The organizational impulse to ban certain unwelcome ideas is hardly novel. Employees “fronting” for industrial or institutional interests will frequently learn what to say, as well as the lexicon of terms to avoid.  But it’s especially insidious when lists of unacceptable terms show up in our civil life, where there should be unfettered public discussion.  This is why there is an emerging sense of satisfaction in the release of the new film, The Post.  It celebrates the 1971 decision by Katherine Graham and others at the Washington Post to publish a secret government history of the ill-fated Vietnam War.  A gag order has already been issued to the New York Times.

Widespread revulsion to the CDC gag order has apparently led to some backtracking on what the policy analysts can say.
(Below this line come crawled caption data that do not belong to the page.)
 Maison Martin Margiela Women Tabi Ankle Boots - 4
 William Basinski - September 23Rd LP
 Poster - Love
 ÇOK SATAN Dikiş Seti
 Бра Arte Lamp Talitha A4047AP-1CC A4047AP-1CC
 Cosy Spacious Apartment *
But these kinds of missives keep coming from all over, including state and federal leaders averting their eyes from subjects like “climate change” or “reproductive rights.”  Every instance is a reminder of how hostile the dead hand of censorship can be.

To be sure, in everyday life it makes perfect sense to consider terms appropriate or inappropriate for the settings in which they are used.  Editors are still scratching their heads over whether to print or broadcast some of the vulgarities uttered in the 2016 Presidential campaign. But monitoring language for appropriateness is very different than forbidding it in all contexts.
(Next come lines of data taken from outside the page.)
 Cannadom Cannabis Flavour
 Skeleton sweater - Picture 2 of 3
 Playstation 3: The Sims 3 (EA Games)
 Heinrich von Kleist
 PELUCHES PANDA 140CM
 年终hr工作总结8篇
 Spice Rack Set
Effective synonyms can save the day. One can only hope cowed agency employees will have the will to use them.

Luckily, the resources of language are far greater than a pathetic list of banned terms proposed by management at the CDC.  If “vulnerable” doesn’t work for the administration, how about “exposed,” “insecure,” “defenseless,”  or “at risk”?  If “entitlement” seems dangerous, how about “privileged,” “given special prerogatives,” “deserving,” “one’s birthright” or “owed to a citizen”?  If “evidence-based” or “science-based” seem inexplicably risky to inflict on the public, how about “reasonable,” “rational,” “empirical,” “based on observation and study” or “what has been proven through systematic observation”?  Like a star broken field runner, the resources of rhetoric can easily outrun clumsy attempts at thought control. Effective synonyms can save the day. One can only hope cowed agency employees will have the will to use them.